Who's writing the motions and requests? SCO or Hatch or BSF?

Is this really what it sounds like to me? Hatch distancing himself from SCO?
Setting the stage to say that he can't be held responsible in any way?

And didn't Hatch learn his lesson about interviews, when IBM included his words
in their opposition memo
(paraphrased)
"in an interview, SCO's own lawyer, Hatch, admitted that claims are still
there and therefore were not stricken ..."

Feel free to copy this post anywhere.

[ Reply to This | # ]

SCO's next idea:
Authored by: Anonymous on Tuesday, December 19 2006 @ 09:46 PM EST
SCO cannot tell anyone, even the court, due to national security concerns.

Hey, It works for other coverups...

[ Reply to This | # ]

  • SCO's next idea: - Authored by: Anonymous on Tuesday, December 19 2006 @ 10:08 PM EST
SCO's View of Its Motion for Reconsideration
Authored by: Kaemaril on Tuesday, December 19 2006 @ 09:53 PM EST
How many goes does SCO get at this?

SCO : We'd like you to reconsider your earlier decision.

Judge : No.

SCO : Would you, y'know, reconsider that decision to not reconsider?

Judge : NO.

SCO : Aw, man. Well, fair enough.

Judge : Good.

SCO : Yeah, it's just really ... listen, I don't suppose I could ask you to ...
oh, I dunno, I'm thinking out of the box here ... reconsider that decision to
not reconsider that decision to not reconsider?

Judge : Look, you're beginning to get irritating now ...

SCO : Aha! Proof positive you're out to get us!

Judge : What?

[ Reply to This | # ]

Again, we come back to delay no matter what it takes
Authored by: dmarker on Tuesday, December 19 2006 @ 10:37 PM EST

(even if it takes ridiculous tactics).

Delay is the order of the day. Maybe these ones do relate to the qtr report due
(IIRC one is due).

But each time I see another tactic like this one I see tSCOg seeking thru
BS&F more time for Microsoft.

DSM

[ Reply to This | # ]

SCO's new evidence
Authored by: Anonymous on Tuesday, December 19 2006 @ 10:54 PM EST
But they DO have new evidence! They've got Kimball's decision!
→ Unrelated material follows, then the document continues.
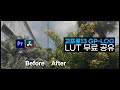 고프로13 세팅 | 무료 LUT 필터 공유 및 사용법 | 시네마틱한 색감을 위한 무료 LUT 4가지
(SCO translation of events)
In our request to overturn Wells' decision we pointed out that we had not been
told that the evidence would be thrown out if it didn't meet the specificity
required. Then Kimball went ahead and threw it out, thereby proving that
specificity really was required. Since we now have proof its required that
implies that we must not have known beforehand, therefore Wells erred.

Not to mention her not reading the expert reports, which were not due until
after the deadline, thereby proving the schedule was in error also!

And as further proof, Hatch asked in the last hearing what Wells meant by
limiting the expert report to claims allowed, so clearly Wells orders are
ambiguous and unclear. All of them. So since we never understood what we were
supposed to do, discovery should be reopened so we can ask the right questions.

(Anb if you fall for that we'll be submitting our request to amend claims....)

[ Reply to This | # ]

  • Ouch.... - Authored by: Anonymous on Wednesday, December 20 2006 @ 03:19 PM EST
You have to file under seal
Authored by: Anonymous on Thursday, December 21 2006 @ 08:42 AM EST
When you accuse a judge of lying. Even so, unless they have real evidence, the
lawyers could be disbarred from practicing in Federal Court in Utah, just by
Judge Kimball. I have seen it happen in other cases where the attorneys had
said that the judge did something for a different reason than the judge said.

Of course this is O. Brent Hatch, so he won't get in trouble.